Jeudi, deux systèmes principaux vont dicter le temps en Europe : un anticyclone centré sur l’Angleterre et une dépression sur le sud-est de la Méditerranée (voir Figure 1). La côte croate est prise en étau entre ces deux systèmes et on constate un gradient de pression relativement important qui force un vent de secteur nord-est sur le nord de l’Adriatique : c’est l’origine du Bora. Cette situation conduit également à de la Bise sur le Plateau Suisse et du Mistral dans la vallée du Rhône française.

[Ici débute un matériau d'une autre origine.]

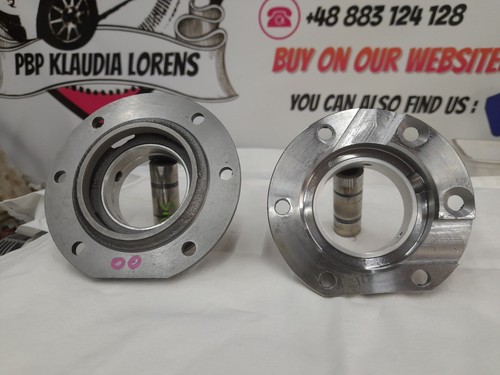 Coppia supporti albero motore - supporti,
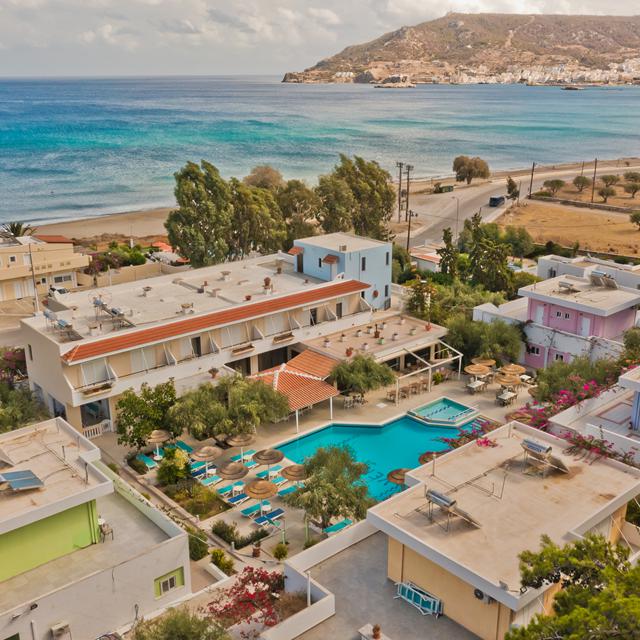 Appartementen & Hotel Venezia Karpathos Karpathos Stad Griekenland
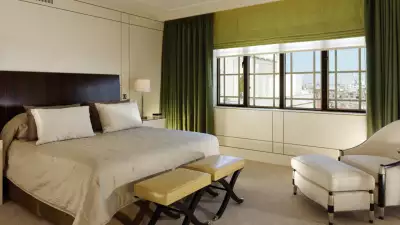 The Harlequin Penthouse &ndash; The Dorchester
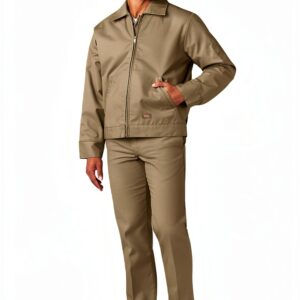 Dickies Giacche Uomo Twill Poliestere Cotto Tasche-0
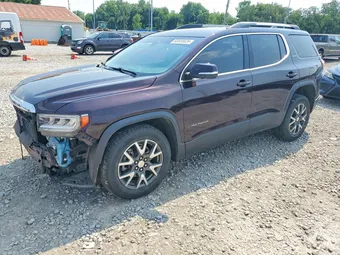 2021 GMC Acadia 1GKKNRLS0MZ100388 Lot 60855626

Pour plus d’informations sur ces trois vents qui sont étroitement liés, nous vous proposons la lecture de ce blog de 2023.

Le vent en altitude résulte principalement d’un équilibre entre le gradient de pression et la force de Coriolis (voir vent géostrophique). Dès lors, la circulation du vent à une altitude donnée peut être déduite simplement avec une carte de pression ou de hauteur du géopotentiel. Le vent souffle dans le sens horaire autour d’un anticyclone et anti-horaire autour d’une dépression (dans l’hémisphère nord). Il souffle parallèlement aux isobares, comme on peut le constater dans la Figure 1. La force du vent est directement proportionnelle au gradient de pression : plus les lignes sont serrées, plus le vent est fort. A noter que cela est valable pour le vent en air libre, c’est-à-dire sans influence du terrain.
Sur la Figure 2, on voit bien qu’une situation de Bise aura lieu sur le Plateau Suisse, ainsi que du Mistral dans la vallée du Rhône française. On constate également un fort vent du nord-est sur la côte croate qui s’étend à travers l’Adriatique. Les rafales le long de la côte sont prévues bien plus fortes que la Bise et le Mistral. Pourtant, le gradient de pression visible sur la Figure 1 n’est pas significativement plus fort sur la côte croate que sur le Plateau suisse ou la vallée du Rhône. Qu’est-ce qui fait que la Bora est prévue de souffler si fort ? La réponse se trouve dans la topographie des Alpes dinariques et est présentée dans la section suivante.
Les Alpes dinariques, qui s’étendent de la Slovénie à l’Albanie, présentent une pente très forte le long de la côte croate : la Bora est accélérée par gravité et fait donc partie des vents dits catabatiques, comme le Joran. Ce sont des vents dont l’écoulement est principalement le résultat d’une masse d’air refroidie, et donc plus dense, qui s’écoule le long d’une pente. Les habitants du pied du Jura le connaissent bien sous le nom de Joran, par exemple à l’arrière d’un front froid dont l’air s’écoule le long du Jura. La Bora est d’une toute autre ampleur, de par la configuration des Alpes dinariques et le potentiel d’air froid continental en provenance d’Europe de l’est.
L’animation de la Figure 3 montre la prévision du vent sur le nord de l’Adriatique pour jeudi. On distingue bien les fortes rafales de plus de 100 km/h le long de la pente jusque sur la côte. On remarque également la présence de quatre jets qui s’étendent à travers l’Adriatique : ce sont des zones de forts vents qui sont canalisés par le relief côtier. Entre ces jets, on voit que le vent est bien plus faible. Cela rend la navigation potentiellement dangereuse en situation de Bora, car on peut subitement passer d’une zone calme à une zone de tempête. Ces quatre jets prennent le nom de leur origine sur la côte et se nomment du nord au sud : jet de Trieste, de Senj, de Karlobag et de Drage.
Les rafales prévues jeudi dépassent localement les 100 km/h, mais dans des cas plus extrêmes, en particulier en hiver, la Bora peut souffler jusqu’à 180 km/h.

Pour conclure ce blog, nous vous rassurons que la Bise ne soufflera pas autant fort que la Bora et que nous nous attendons à des rafales maximales jeudi de l’ordre de 40 à 55 km/h.